Mastering the Art of the Quick Check-In
As we face the Great Resignation, it’s become clear that the leaders who can show through their actions that they care about their workers are going to surge forward in this new era.
According to Businesssolver’s 2020 report on the state of workplace empathy, 80% of employees would be willing to leave their job if they found a more empathetic employer; 57% would take a pay cut to do so. As we return to the office, so many are suffering the effects of the upheaval and trauma of the past 18 months. Recent surveys show that 55% of American workers are looking for a new job. What they crave isn’t a higher paycheck; it’s meaning and connection. To avoid seeing their most valuable asset stream out the door, it’s essential that leaders pay the same attention to their employee relationship management as they do to their client relationship management. One easy way is to get better at the quick check-in.
- Identify who matters.
First, make a list of the people who make your business work. If it’s too many to name, list by department or role (e.g., the sales team). Think beyond the usual suspects. We often get into ruts of talking to the same few people, but we gain so much by expanding our circle, in our own success and in our organization’s. - Calendar it.
One of the most important things I’ve learned in my career is that what you count is what counts. Simply tracking something focuses me and helps me to stay on top of the things that matter when the challenges of the day begin to call. However best works for you, find a way to schedule time for the easy check-in. You can calendar an hour on Friday afternoons to walk around the office, or build in time at the beginning of a weekly project status meeting, or give yourself a list of three people each week to call or email with a quick hello. - How to do it.
The goal is to show an interest in them beyond what they can provide for you. Ask them an open-ended question on something non-work related. Consider a question like, “What are you reading?,” “How’s your kid’s soccer team doing?” or “Did you see that the new season of Money Heist is out?” You can also ask about something in the environment: “Is that a new Red Sox pennant?” “What’s that mountain in your Zoom background?” It doesn’t really matter what you ask as long as it’s not offensive (so, for instance, stay away from comments on personal appearance).Once they answer, be sure that you’re actually listening to the response. Don’t look at your watch or around the room or at someone across the hall. Make eye contact. Then acknowledge what they’ve said: “I haven’t read that, is it good?” “I have to get to a game, it’s been way too long.” “That sounds fantastic!”

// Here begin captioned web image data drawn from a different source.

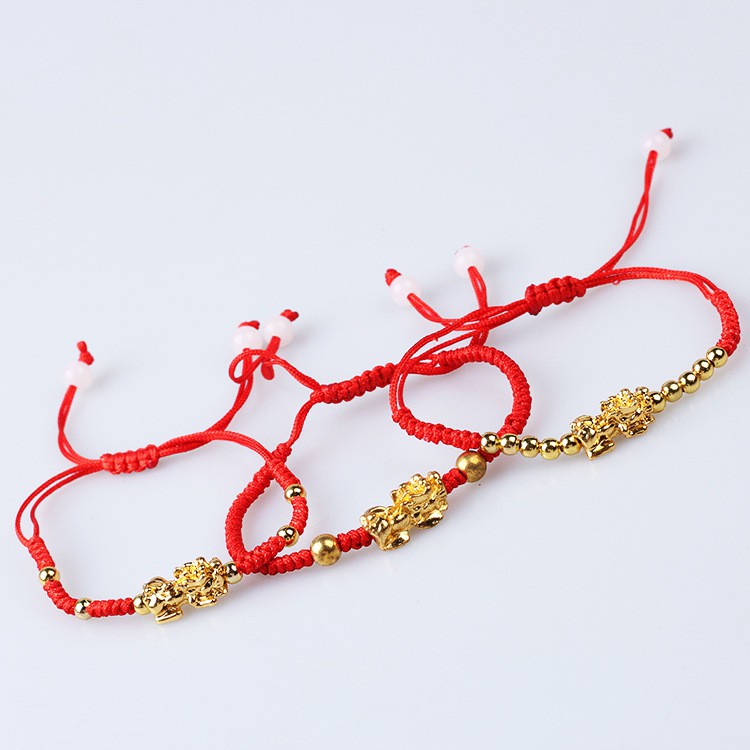 VÒNG TAY TỲ HƯU CHARM CHÂU VÀNG
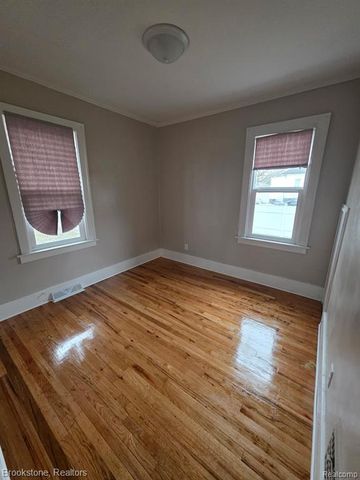 15496 Minock Street, Detroit, MI 48223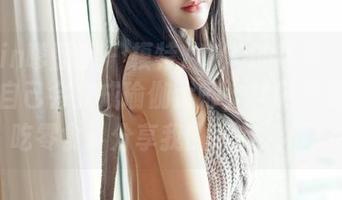 Feilin嗲囡囡 – 模特YOYO的写真：当你以为自己会变成瑜伽大师，其实只是更会吃零食！分享我的真实经历。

- Getting away gracefully.
Studies show that the way we end an experience can color our entire perception of it, so if you have a great conversation and run off without saying goodbye or demonstrate by your clumsy exit that something else is more important to you than they are, you’re actually doing worse than if you hadn’t stopped by at all. Two ideas that can help:A) Interrupt yourself, not them, for example, “That’s excellent! My kid has a big tournament this weekend, too—shoot, I’m just seeing what time it is. I’ll let you go but hope the game goes well.”
B) Consider an easy exit line. My old boss used to say, “Keep up the good work” as his signal that the conversation was over. - Know when you need more than a quick check-in.
A friend once showed up for her weekly meeting with her boss and went through with him all of her projects and their current status. At the end, she said, “I also wanted to let you know that my father is sick and I will need to take off a few days at the end of the week to go see him.” He put down his pen and met her eye. “You should have started with that. Nothing else is as important. Please take all the time you need.” Because he was so adamant, she ended up staying with her father for two weeks. She kept working during that time, but also was able to spend what ended up being her father’s final moments with him. She now says, of that boss, “I would walk through fire for that man.” Because he demonstrated that he cared about her, she has a fierce loyalty and commitment to him.
Maya Angelou said, “I’ve learned that people will forget what you said, people will forget what you did, but people will never forget how you made them feel.” We are busy, of course—everyone is busy. But all of the matters that are so urgent today will fade in a few years’, or even a few months’, time. What won’t fade is the empathy we show when it matters most. The way we show up for each will have a long-lasting effect on our team members and our relationships with them, and ultimately, on our organization as a whole. Let’s do it with care and commitment.